ソフィア・コッポラの知名度とぶりぶりな雰囲気故に「ガーリー」を象徴する映画となっているようだが、実はものすごーく男の子目線の話。
原作「ヘビトンボの季節に自殺した五人姉妹」(著/ジェフリー・ユージェニデス 発行/早川書房)は夢見がちな文学少年の幻想物語。と、わたしは思う。
思春期の女の子は実のところ、意地悪で可愛くないし、生臭くてふてぶてしい。生物的にはおばちゃんとタメ張るくらい、強い。
その最強生物を可憐でたおやかなひらひらの妖精さんにしてしまい、パタパタ死んでしまったよ、なんだかポエティックでメランコリ〜、に仕上げてしまった訳なんだろうと思う。

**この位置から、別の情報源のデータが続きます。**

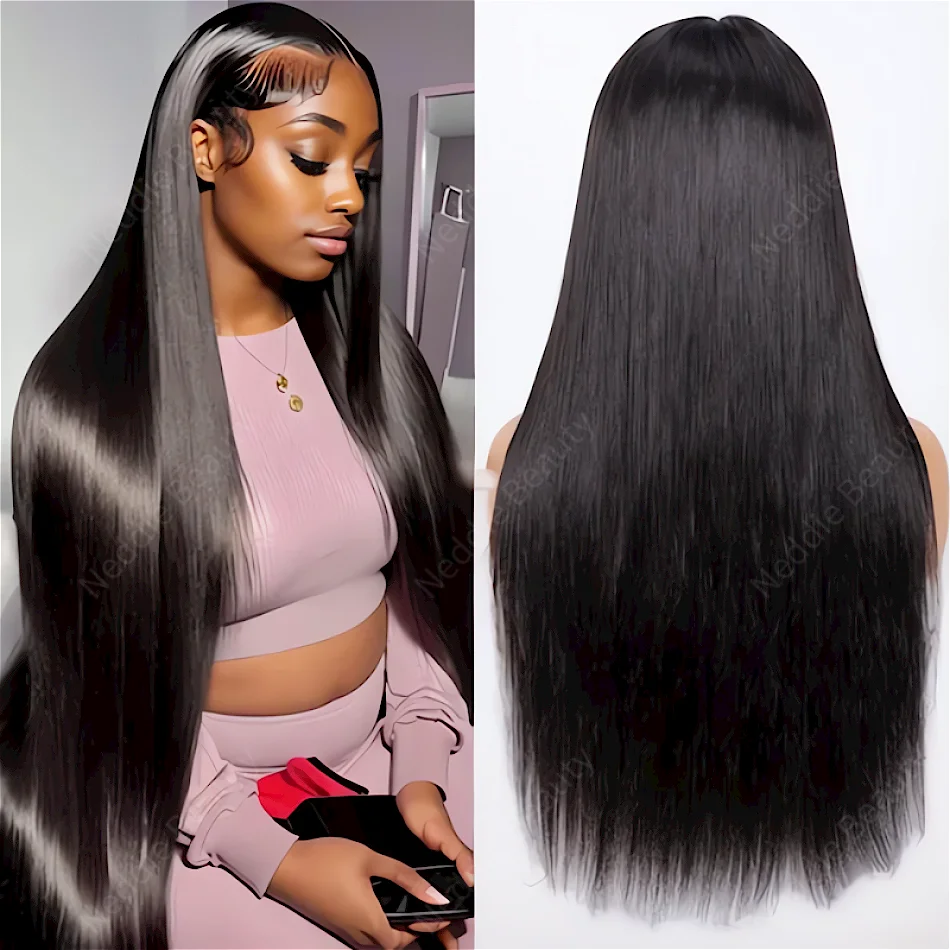 Wigs Human Hair Ready To Wear 100% Natural PrePlucked Glueless Straight HD Lace Frontal Wig 30 40 Inch Closure Wigs For Women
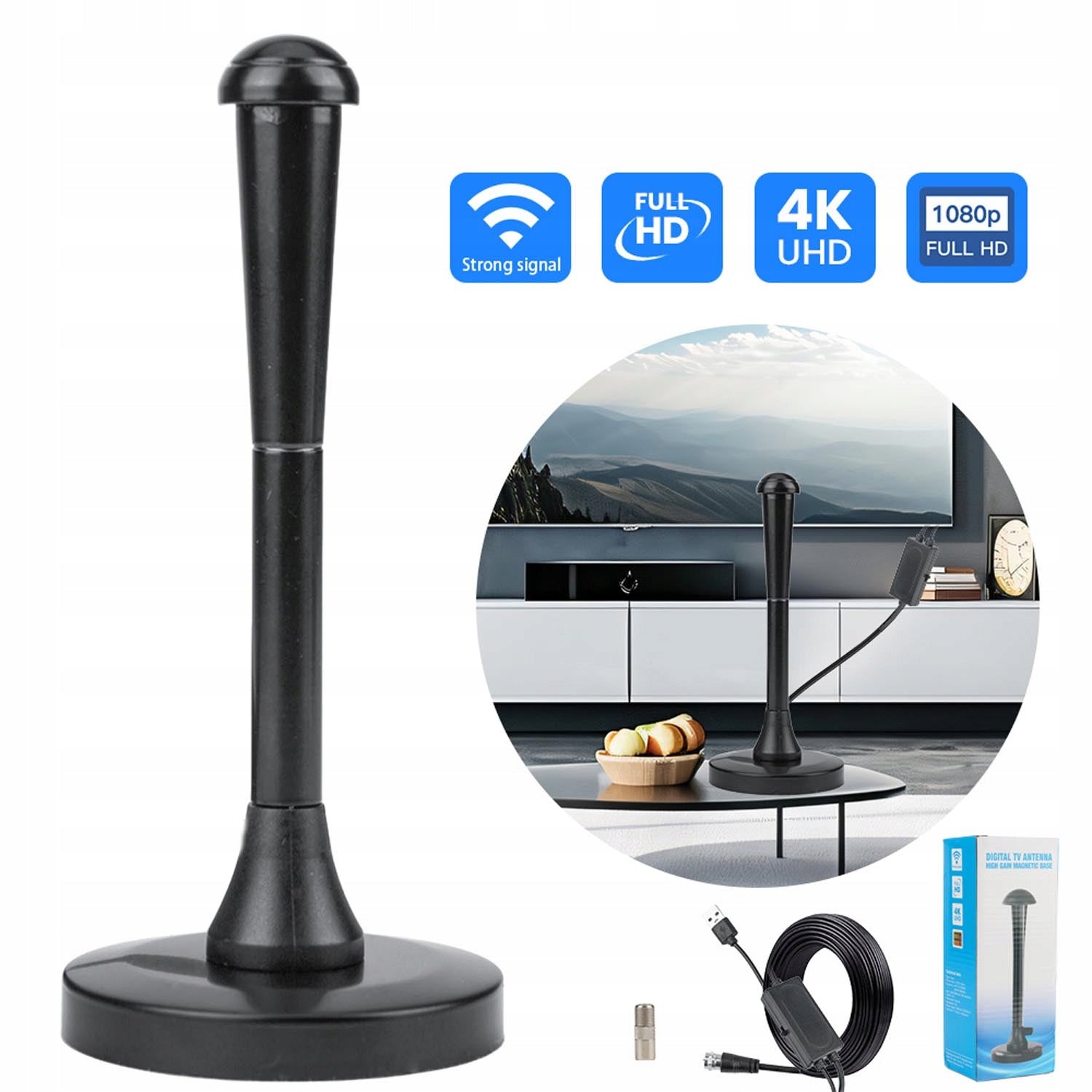 HD TV Antenna, 360° Reception, For Living Room Kitchen Caravan Brand no brand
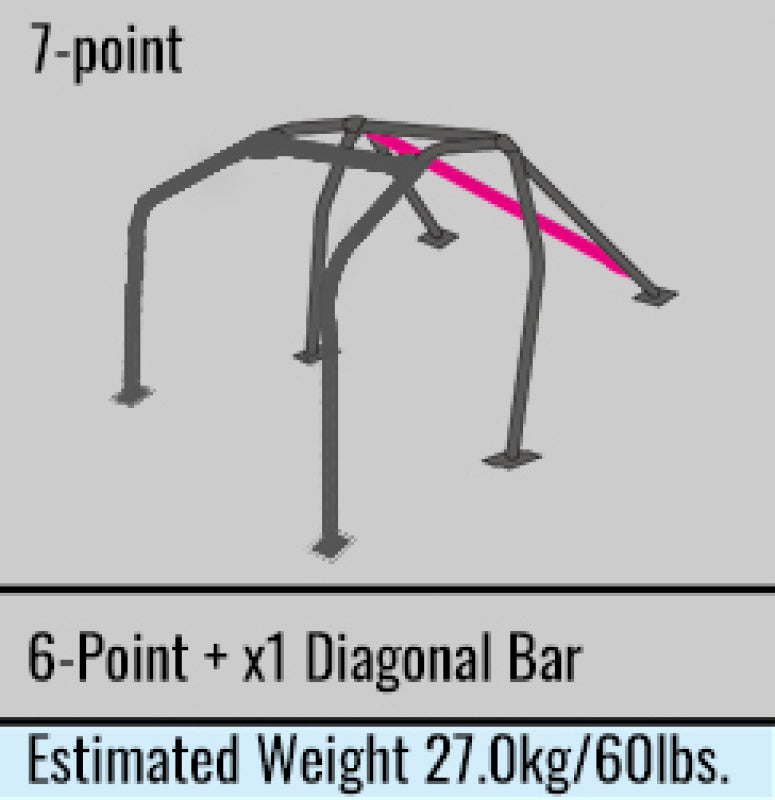 Cusco Steel Roll Cage 7 Point 2 Passenger Through Dash 2015 Subaru WRX / STI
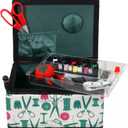 SINGER 07271 Basket with Sewing Notions Kit & Removable Tray-Vintage Spools, Tan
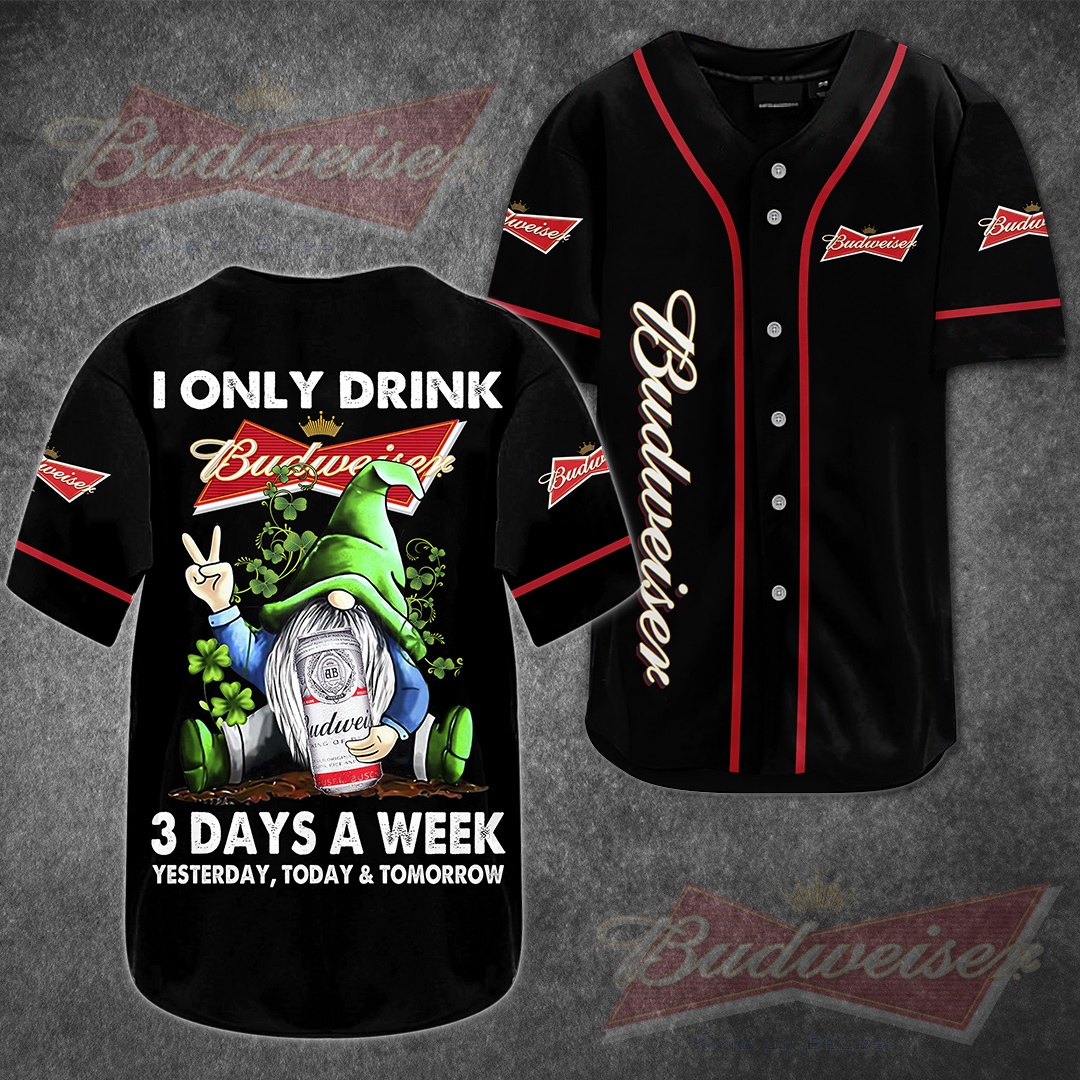 Funny Gnome Drinking 3 Days A Week Budweiser Baseball Jersey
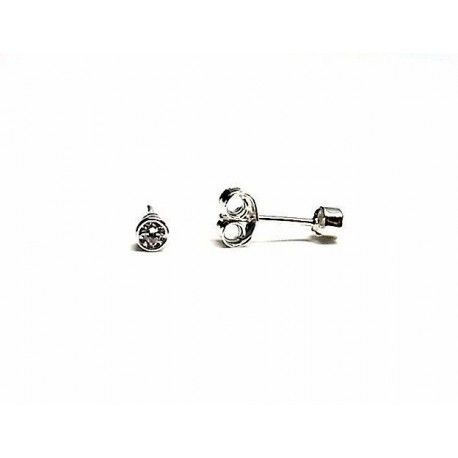 Pendiente redondo circonita 3mm
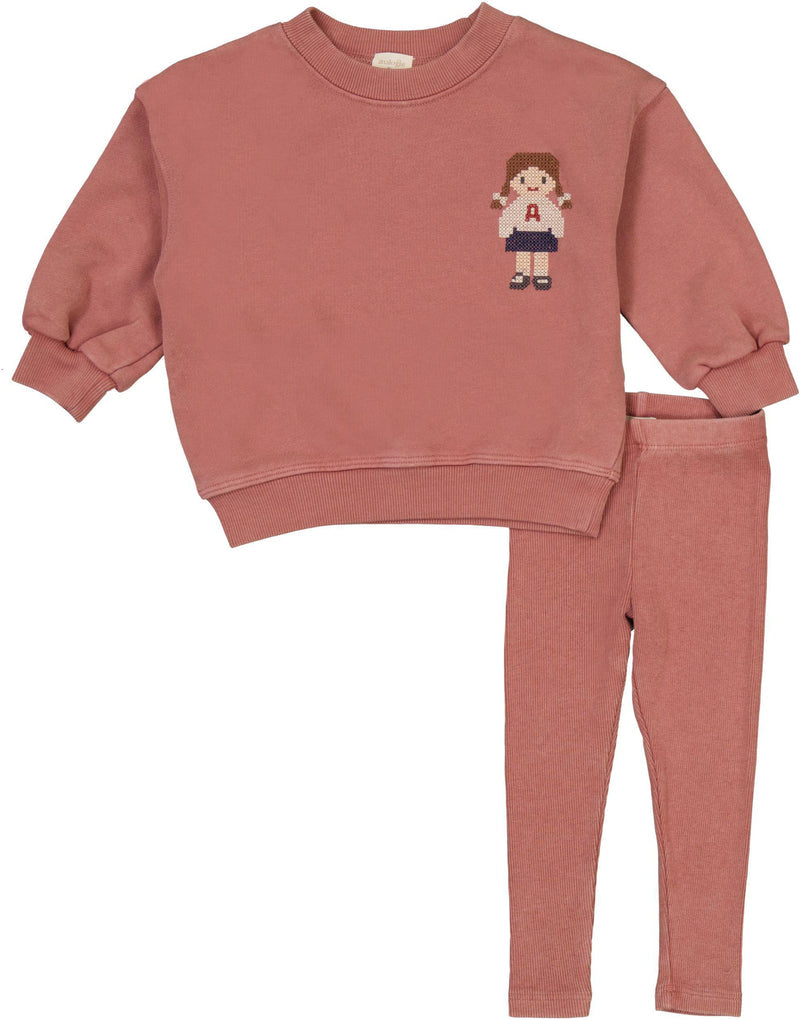 Lil Legs Doll Sweatshirt Set - Vintage Pink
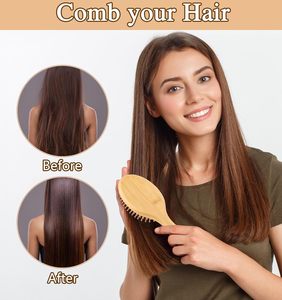 <span class=keywords><strong>Duo</strong></span> de soins capillaires en bambou fabriqué à la main-Peignes à dents larges et fines pour des cheveux lisses et soyeux - Product Image 6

五人姉妹は実はピンピンしていて、カラカラよく笑うおばちゃんになっていた、というオチでも驚かない。空想耽溺少年にとっては、妖精さんが大人になっちゃうのは耐えられないんだろう。
しっかし、ソフィア・コッポラのお茶目なこと。ジョシュ・ハートネット演じるトリップのスカしっぷりに悶絶。ベロアのスーツ! しかもその髪型! サイコーだ!
シロタさんのヴァージンスーサイズ評、大好きです。
(というかソフィア関連レビューどれもステキです。)
>「美人薄命」は運命ではなく、願望である。
>美の成就には死の影がある。
納得です。
どこかでそれが美しいまま失われるのを望む心があるんですよね…。
>思春期の女の子は実のところ、意地悪で可愛くないし、生臭くてふてぶてしい。
ええ、まったくです。笑
そのうえ無知で残酷です。。
これが全部少年たちの願望だったってのも凄くすきです。
でも一方、ちょっと彼女たちが死んでしまった理由もわかる気がします。
過保護にされることって、
周りから見えるよりもきついことなんじゃないかと思うんです。
by NO NAME (2009-08-31 20:47)
すみません、名前かき忘れちゃいました↑
お鈴です。汗
by お鈴 (2009-08-31 21:57)
お鈴ちゃん、コメントありがとう。
これ、原作は、時代の世相とか土地柄とか社会的な問題もじわじわーっと匂ってたように覚えてます。
アメリカの中流家庭の行き詰まり、清潔な腐敗っていうか、お行儀の良い絶望とか不安、みたいなもの。
ちょっと村上春樹っぽいかも。
映画は、女の子の感じやすさが焦点になってて、それはそれで普遍的に通じるものになってんだろうなあ、と思いましたです。